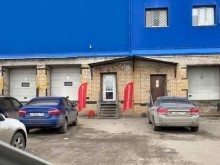 интернет-гипермаркет товаров для строительства и ремонта ВсеИнструменты.ру в Казани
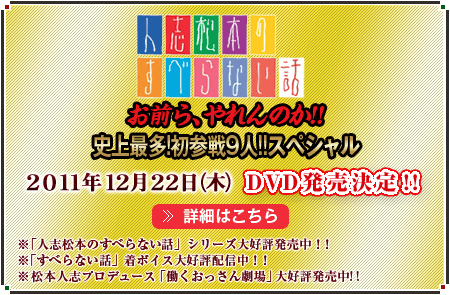 ＤＶＤ「人志松本のすべらない話 お前ら、やれんのか！！史上最多！初参戦9人！！スペシャル」12月22日（木）発売決定！！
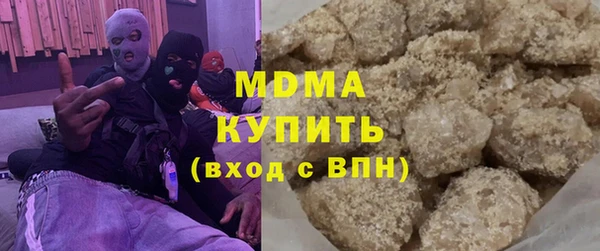 меф Лабытнанги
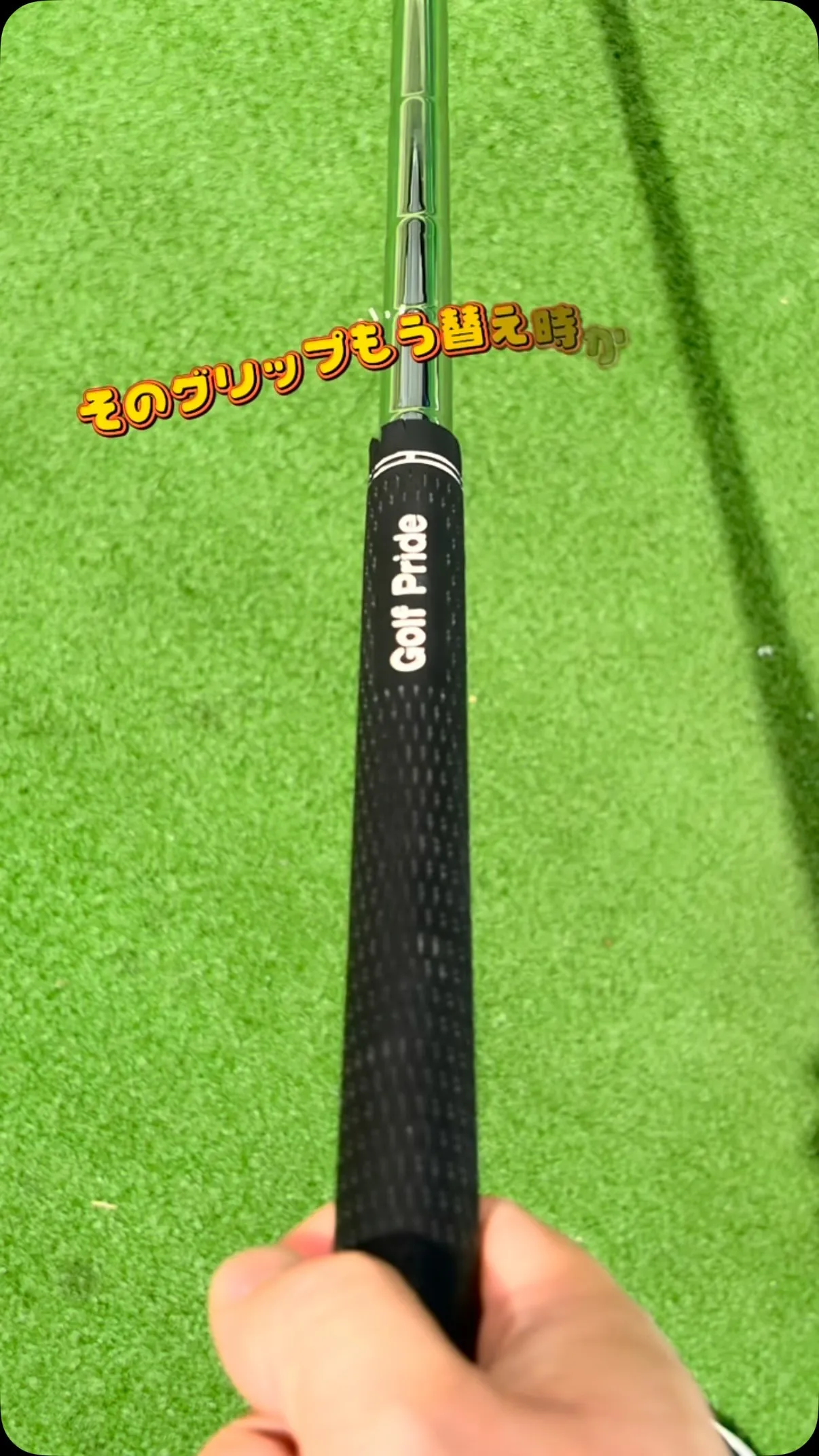 ⛳️⛳️⛳️⛳️⛳️⛳️⛳️⛳️⛳️⛳️⛳️⛳️⛳️⛳️⛳️...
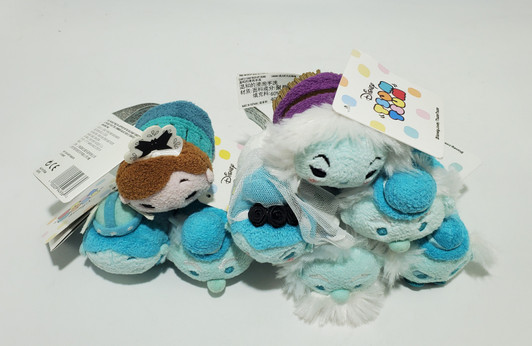 Disney Theme Parks Exclusive  Haunted Mansion Tsum Tsum set of 7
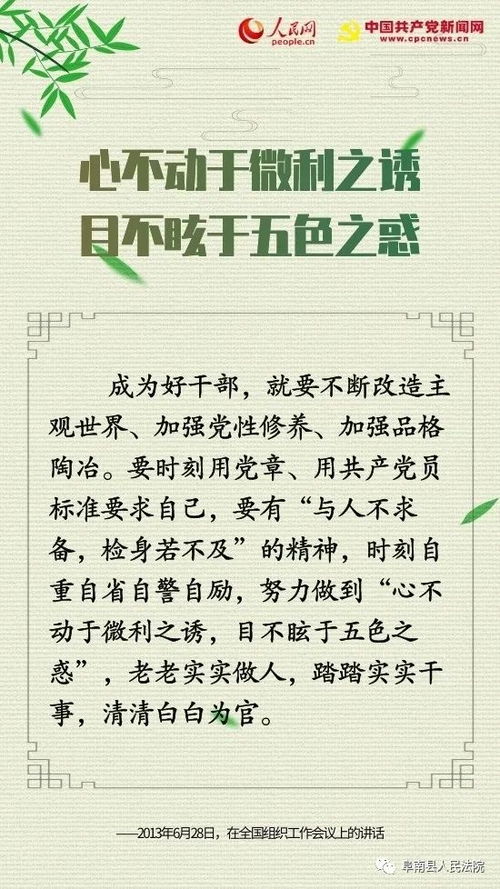 化學(xué)題古詩句中煙都代表什么不同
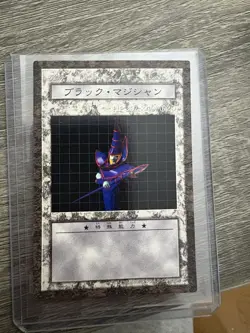 Pack Fresh Dungeon Dice Monsters Dark Magician Card Japan Yugioh DDM - Image 1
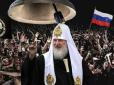 У скреп - істерика: УПЦ МП вимагає, щоб екзархи Вселенського патріархату залишили Україну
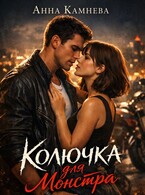Колючка для монстра — Anna Kamneva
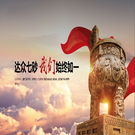 磨鋼球砂輪專(zhuān)用砂、棕剛玉耐火材料、山牌磨料、棕剛玉廠(chǎng)家、樹(shù)脂砂輪專(zhuān)用砂、棕剛玉塊、陶瓷砂輪專(zhuān)用砂、棕剛玉、磨料廠(chǎng)家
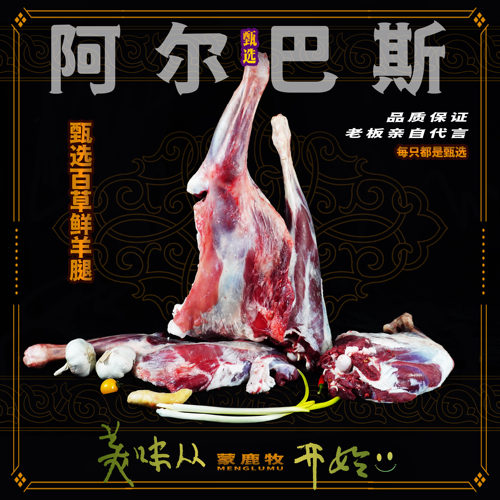 阿尔巴斯山羊肉蒙鹿牧羊肉散养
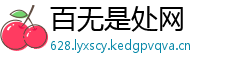 百无是处网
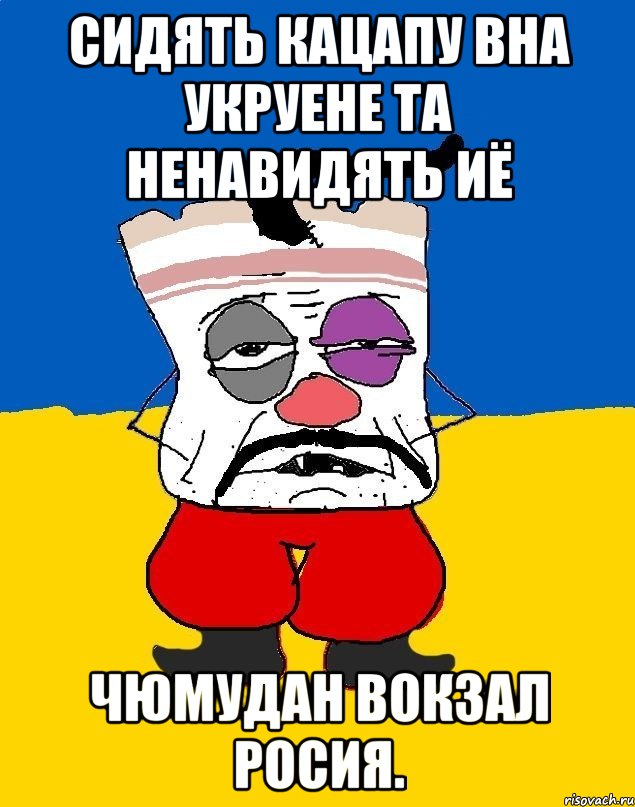 СИДЯТЬ КАЦАПУ ВНА УКРУЕНЕ ТА НЕНАВИДЯТЬ ИЁ ЧЮМУДАН ВОКЗАЛ РОСИЯ., Мем Западенец - тухлое сало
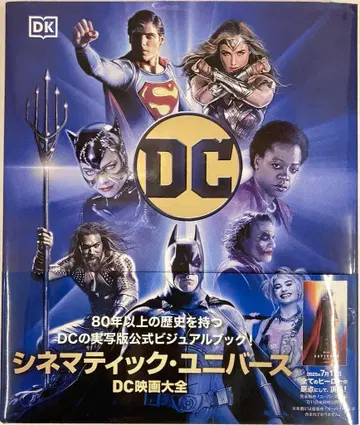 세카이분카샤 DC 시네마틱 유니버스 DC 영화 대전 (오비 포함)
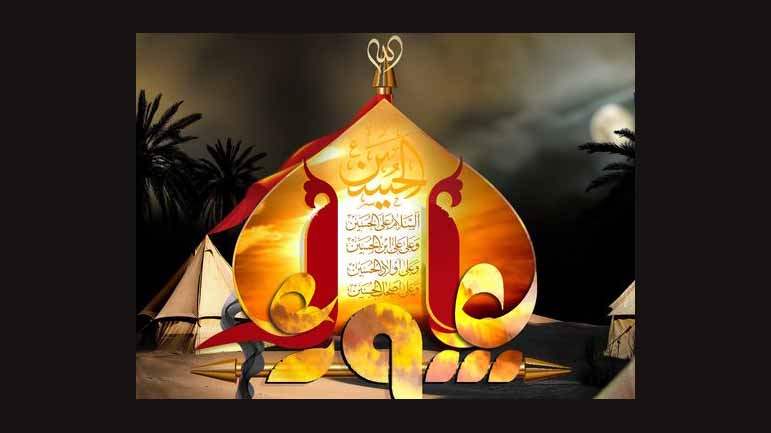 موعدنا مع الحسين(ع) في امتداد الزمن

EXERCISE GOAL —
Would you repeat the listing above exactly, minus the images?

ANSWER FOR THE TASK —
 интернет-гипермаркет товаров для строительства и ремонта ВсеИнструменты.ру в Казани
 ＤＶＤ「人志松本のすべらない話 お前ら、やれんのか！！史上最多！初参戦9人！！スペシャル」12月22日（木）発売決定！！
 меф Лабытнанги
 ⛳️⛳️⛳️⛳️⛳️⛳️⛳️⛳️⛳️⛳️⛳️⛳️⛳️⛳️⛳️...
 Disney Theme Parks Exclusive  Haunted Mansion Tsum Tsum set of 7
 化學(xué)題古詩句中煙都代表什么不同
 Pack Fresh Dungeon Dice Monsters Dark Magician Card Japan Yugioh DDM - Image 1
 У скреп - істерика: УПЦ МП вимагає, щоб екзархи Вселенського патріархату залишили Україну
Колючка для монстра — Anna Kamneva
 磨鋼球砂輪專(zhuān)用砂、棕剛玉耐火材料、山牌磨料、棕剛玉廠(chǎng)家、樹(shù)脂砂輪專(zhuān)用砂、棕剛玉塊、陶瓷砂輪專(zhuān)用砂、棕剛玉、磨料廠(chǎng)家
 阿尔巴斯山羊肉蒙鹿牧羊肉散养
 百无是处网
 СИДЯТЬ КАЦАПУ ВНА УКРУЕНЕ ТА НЕНАВИДЯТЬ ИЁ ЧЮМУДАН ВОКЗАЛ РОСИЯ., Мем Западенец - тухлое сало
 세카이분카샤 DC 시네마틱 유니버스 DC 영화 대전 (오비 포함)
 موعدنا مع الحسين(ع) في امتداد الزمن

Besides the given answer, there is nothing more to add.